Le 26 décembre 2025, j’ai eu l’honneur d’assister au colloque organisé à Nouakchott par la Ligue Islamique Mondiale autour du Document de la construction des passerelles entre les rites islamiques.
À la lumière de ma lecture personnelle de ce document, et après avoir écouté avec attention les interventions ainsi que le communiqué final, une conviction s’impose : cette initiative remet au centre un concept longtemps évoqué mais rarement stabilisé — la diplomatie religieuse.
Il convient de rappeler que cette diplomatie avait déjà été esquissée, sur le plan multilatéral, à travers la notion de gouvernance religieuse, introduite dans le cadre du G5 Sahel, avec l’ambition de relier sécurité, développement et régulation du champ religieux. L’initiative fut audacieuse, mais elle n’a pas survécu à l’effondrement du cadre politique qui la portait. Elle demeure néanmoins une référence conceptuelle importante.
Dans le même esprit, la Mauritanie a engagé, au début de la décennie passée, un dialogue structuré avec certains courants salafistes prônant le jihad.
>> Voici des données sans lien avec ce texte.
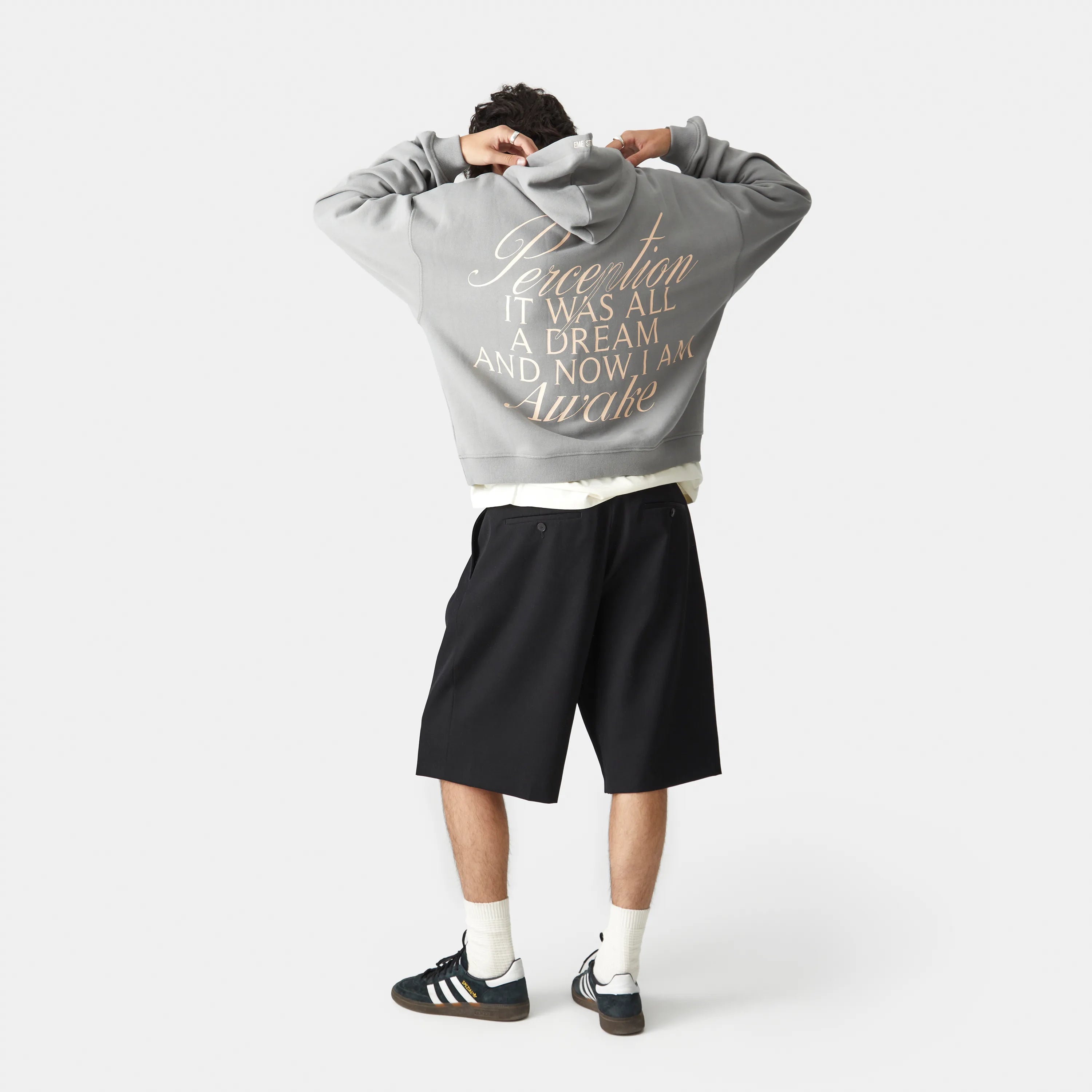 Perception Pebble Oversized Hoodie Hoodie eme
Cette démarche a produit de réelles évolutions doctrinales sur des notions sensibles — jihad, takfir, protection des non-musulmans — même si ses effets sont demeurés limités et circonscrits dans le temps. Elle n’en constitue pas moins une expérience pionnière de gestion publique du discours religieux.
Ces deux expériences ne valent pas comme modèles achevés, mais comme indications de trajectoires possibles. Elles montrent surtout qu’on ne peut ni ignorer le fait religieux, ni l’abandonner aux radicalités.
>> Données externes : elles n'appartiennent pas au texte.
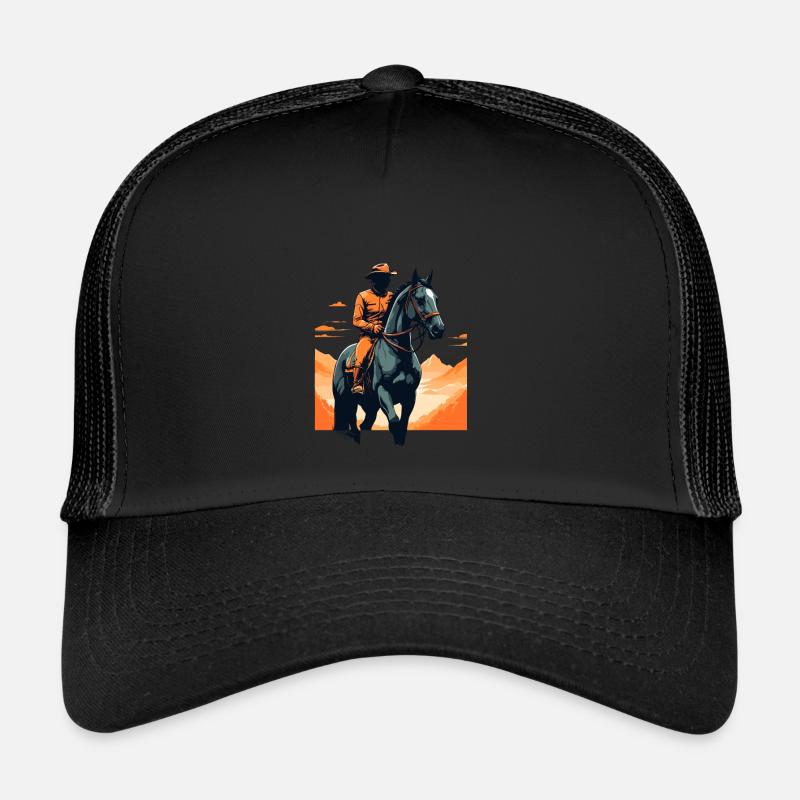 Ästhetische Pferde Ikonisches Reitsport Design Trucker Cap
Dans ce sens, la Charte de La Mecque offre un cadre transnational susceptible de nourrir une approche plus large, plus souple et plus durable : une diplomatie religieuse conçue non comme instrument d’influence, mais comme pédagogie de la paix, au service de la cohésion, du dialogue et de la prévention des dérives idéologiques.
Cet enjeu est d’abord capital pour les pays musulmans eux-mêmes, qui, malgré de puissants facteurs objectifs d’unité, demeurent exposés à des cycles d’autodestruction nourris par des querelles de chapelles souvent subjectives.
Il est tout aussi crucial pour les communautés musulmanes vivant dans des pays non musulmans, appelées à gérer leurs défis communs dans l’unité et la responsabilité civique.
Dans le monde d’aujourd’hui, les conflits entre rites ne peuvent plus être considérés comme de simples affaires internes : ils ont des répercussions régionales et internationales directes.
De ce point de vue, la Mauritanie a tout intérêt à accompagner souverainement des initiatives telles que la Charte de La Mecque ou la Conférence des oulémas africains pour la paix, devenues de véritables rendez-vous diplomatiques à Nouakchott.
En tout cas, le modèle constitutionnel de la Mauritanie qui fait de l’islam un choix civilisationnel assumé et ouvert sur les exigences du monde moderne, lui confère une légitimité particulière pour porter ce message et faire de la diplomatie religieuse un levier mauritanien de promotion de la paix, au-delà de l’espace maghrébo-sahélien, dans le monde.